ACTIVITY ::
What is needed is an exact repeat of the entries, with no pictures in it.

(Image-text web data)

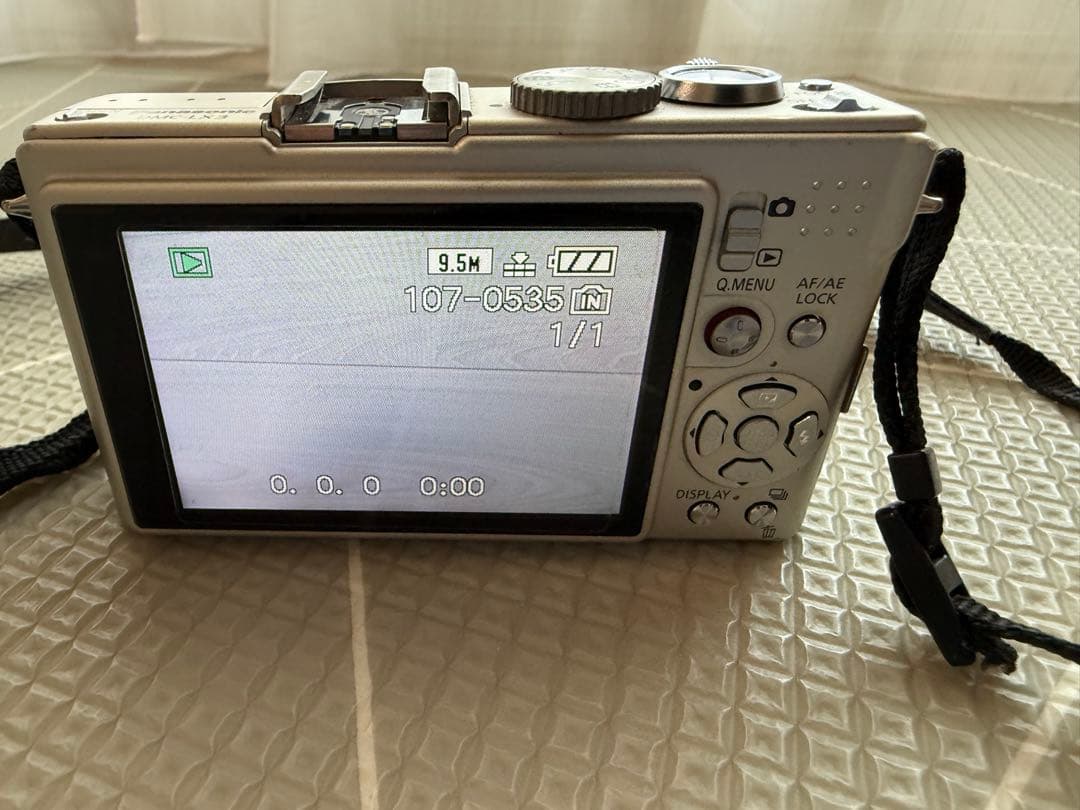 動作確認済　Panasonic LUMIX DMC-LX3 シルバー　デジカメ
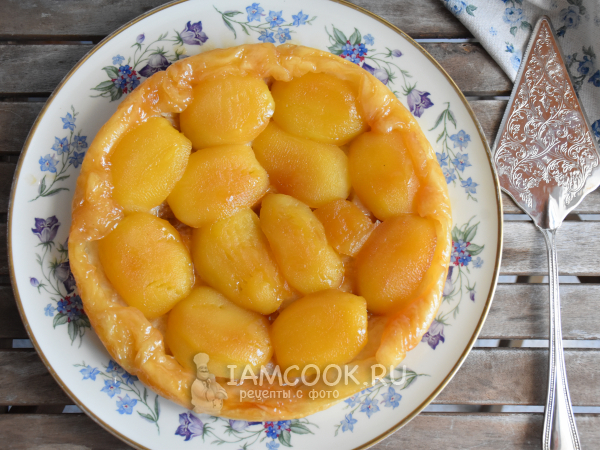 Тарт татен из слоеного теста с яблоками, рецепт с фото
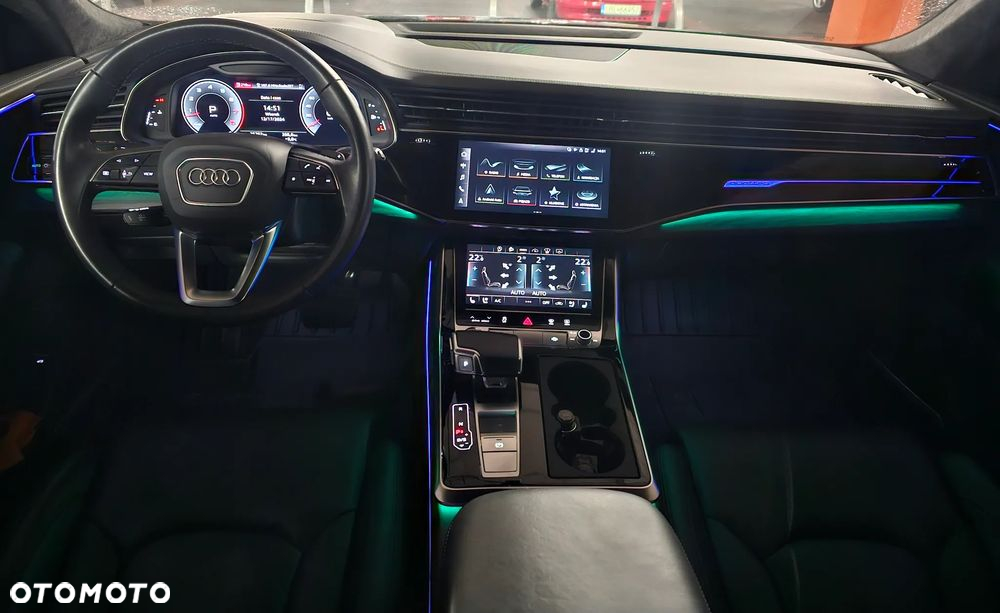 Audi Q8 - 24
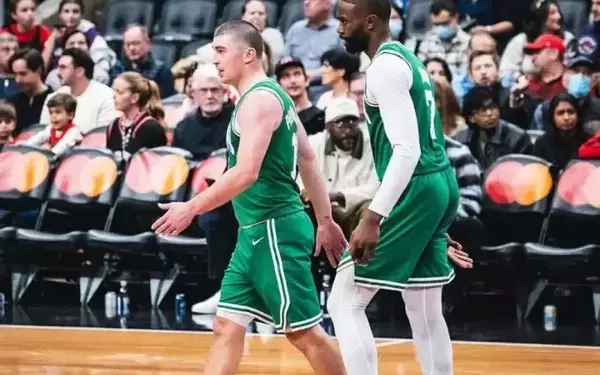 Pritchard Focused on Performance, Not Celtics Extension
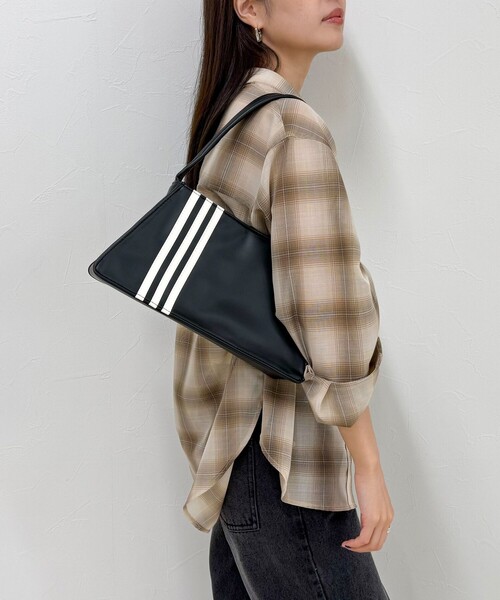 fredy emue(フレディエミュ)の「【adidas/アディダス】 エンボスグラフィック台形バッグ(ハンドバッグ・レディース・ブラック・FREE)」の7枚目の写真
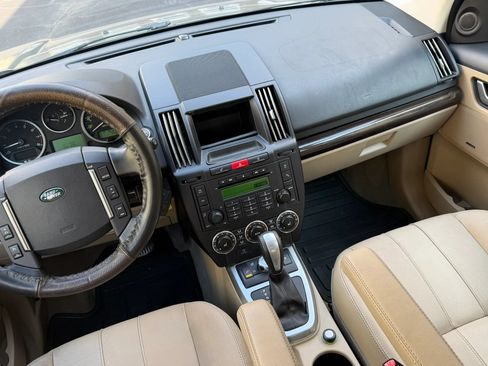 Used 2011 Land Rover LR2 HSE AWD/4WD image 19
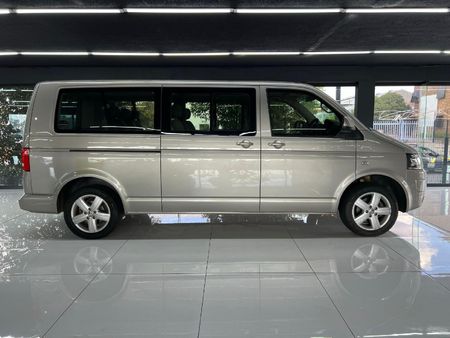 2012-Volkswagen-Kombi-T5-20-TDI-Auto-103kW_2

TASK ANSWER ::
 動作確認済　Panasonic LUMIX DMC-LX3 シルバー　デジカメ
 Тарт татен из слоеного теста с яблоками, рецепт с фото
 Audi Q8 - 24
 Pritchard Focused on Performance, Not Celtics Extension
 fredy emue(フレディエミュ)の「【adidas/アディダス】 エンボスグラフィック台形バッグ(ハンドバッグ・レディース・ブラック・FREE)」の7枚目の写真
 Used 2011 Land Rover LR2 HSE AWD/4WD image 19
 2012-Volkswagen-Kombi-T5-20-TDI-Auto-103kW_2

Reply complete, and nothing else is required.